Exercise description ▸ Please repeat exactly the lines below from the line with "L-RUN Barefoot Water" to the line with "88302-23.jpg Swan by", including both, and leave out every picture.

The records ▸
□ □ □ □

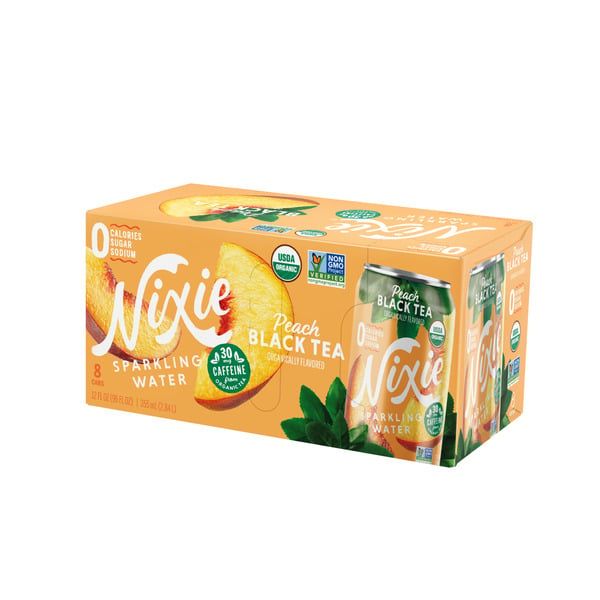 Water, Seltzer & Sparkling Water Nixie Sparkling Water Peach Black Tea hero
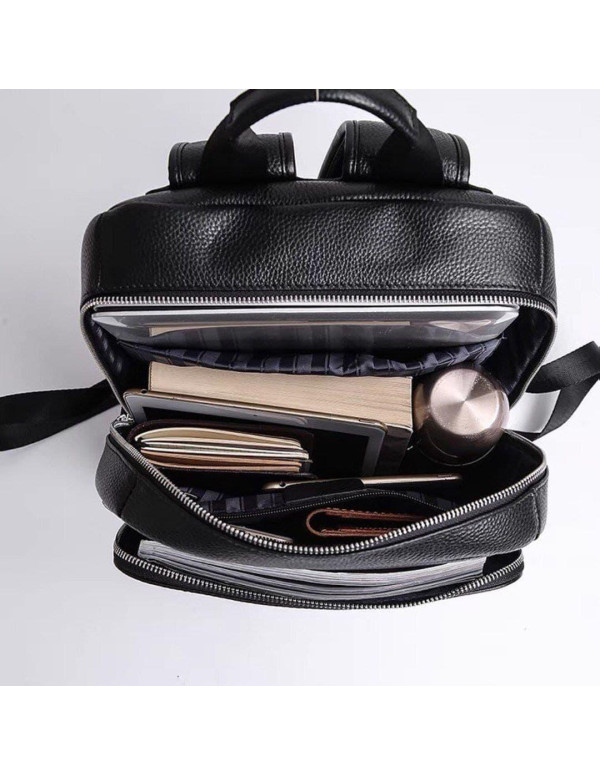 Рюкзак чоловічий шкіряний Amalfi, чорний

□ □ □ □

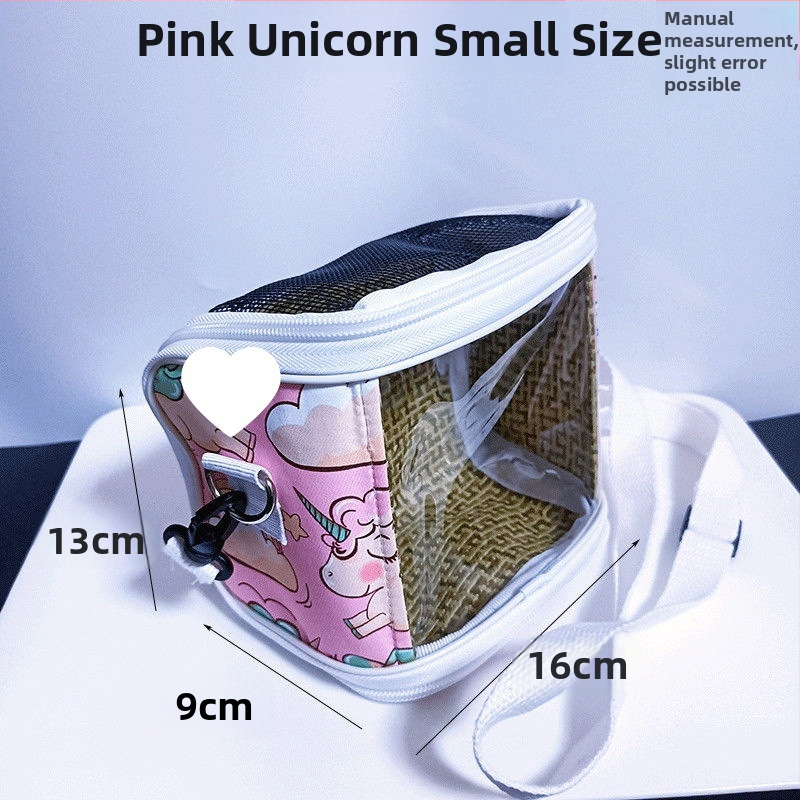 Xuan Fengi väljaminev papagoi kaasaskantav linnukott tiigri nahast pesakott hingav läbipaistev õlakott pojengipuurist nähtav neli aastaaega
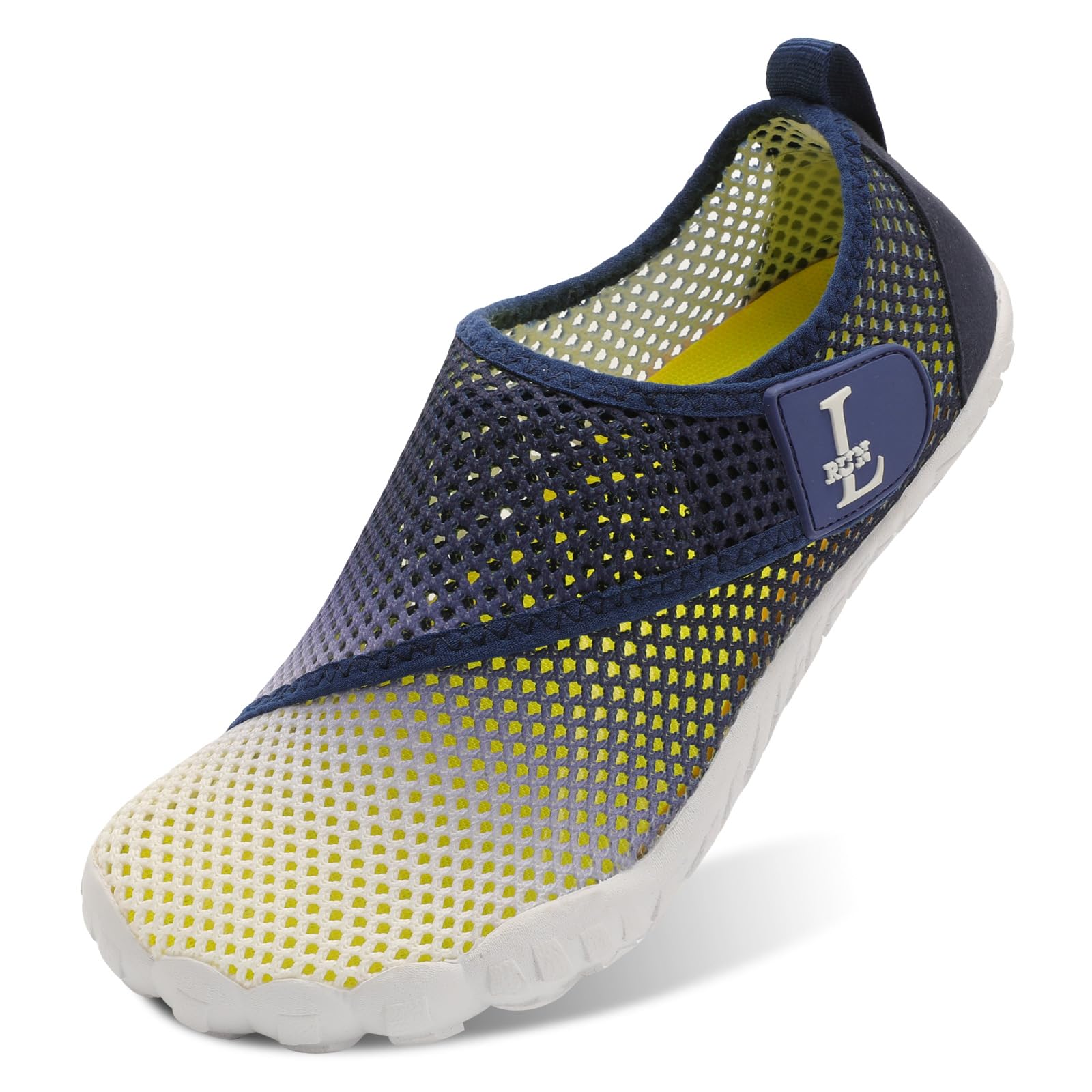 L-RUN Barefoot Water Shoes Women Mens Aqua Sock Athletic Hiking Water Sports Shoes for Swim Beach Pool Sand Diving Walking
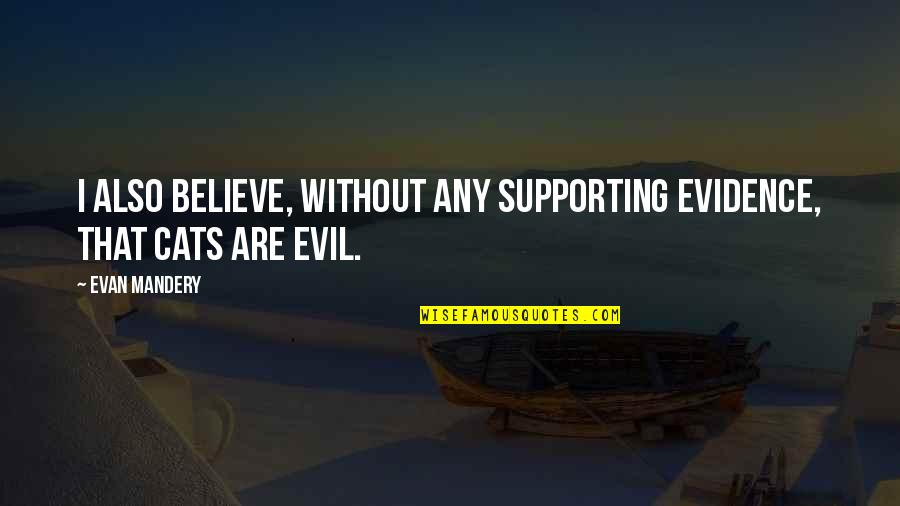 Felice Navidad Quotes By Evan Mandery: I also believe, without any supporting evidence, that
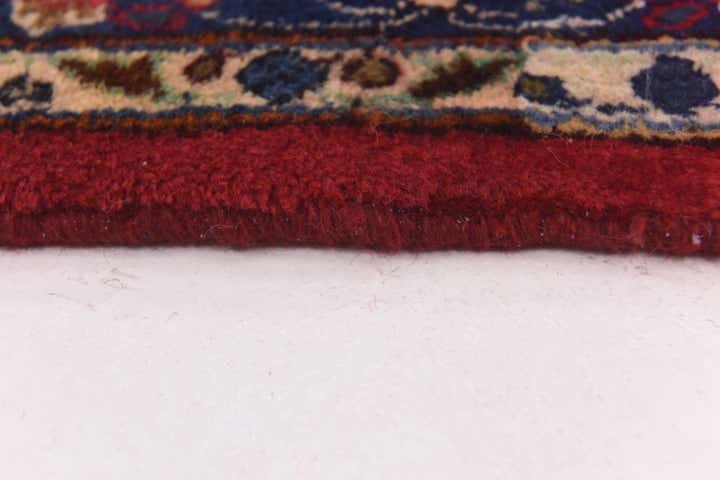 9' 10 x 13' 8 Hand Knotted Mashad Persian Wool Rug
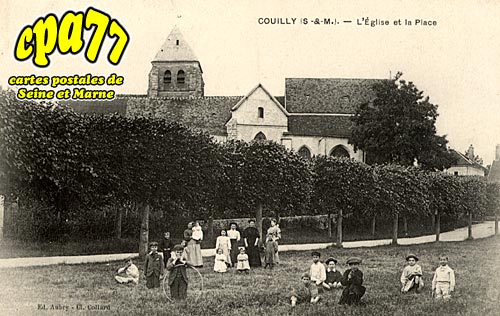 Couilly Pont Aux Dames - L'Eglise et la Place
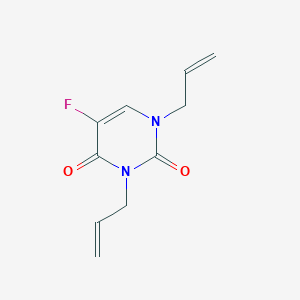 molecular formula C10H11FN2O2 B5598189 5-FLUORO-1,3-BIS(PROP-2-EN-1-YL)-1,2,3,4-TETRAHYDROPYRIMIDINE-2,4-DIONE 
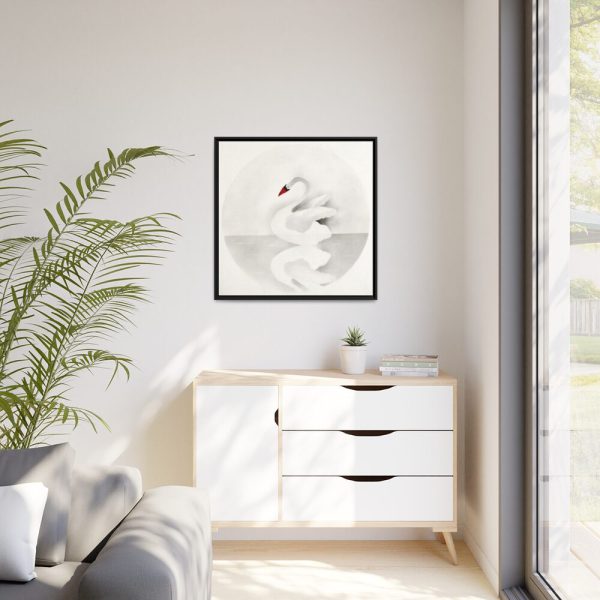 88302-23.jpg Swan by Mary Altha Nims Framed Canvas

□ □ □ □

Solution to this problem ▸
 L-RUN Barefoot Water Shoes Women Mens Aqua Sock Athletic Hiking Water Sports Shoes for Swim Beach Pool Sand Diving Walking
 Felice Navidad Quotes By Evan Mandery: I also believe, without any supporting evidence, that
 9' 10 x 13' 8 Hand Knotted Mashad Persian Wool Rug
 Couilly Pont Aux Dames - L'Eglise et la Place
 molecular formula C10H11FN2O2 B5598189 5-FLUORO-1,3-BIS(PROP-2-EN-1-YL)-1,2,3,4-TETRAHYDROPYRIMIDINE-2,4-DIONE 
 88302-23.jpg Swan by Mary Altha Nims Framed Canvas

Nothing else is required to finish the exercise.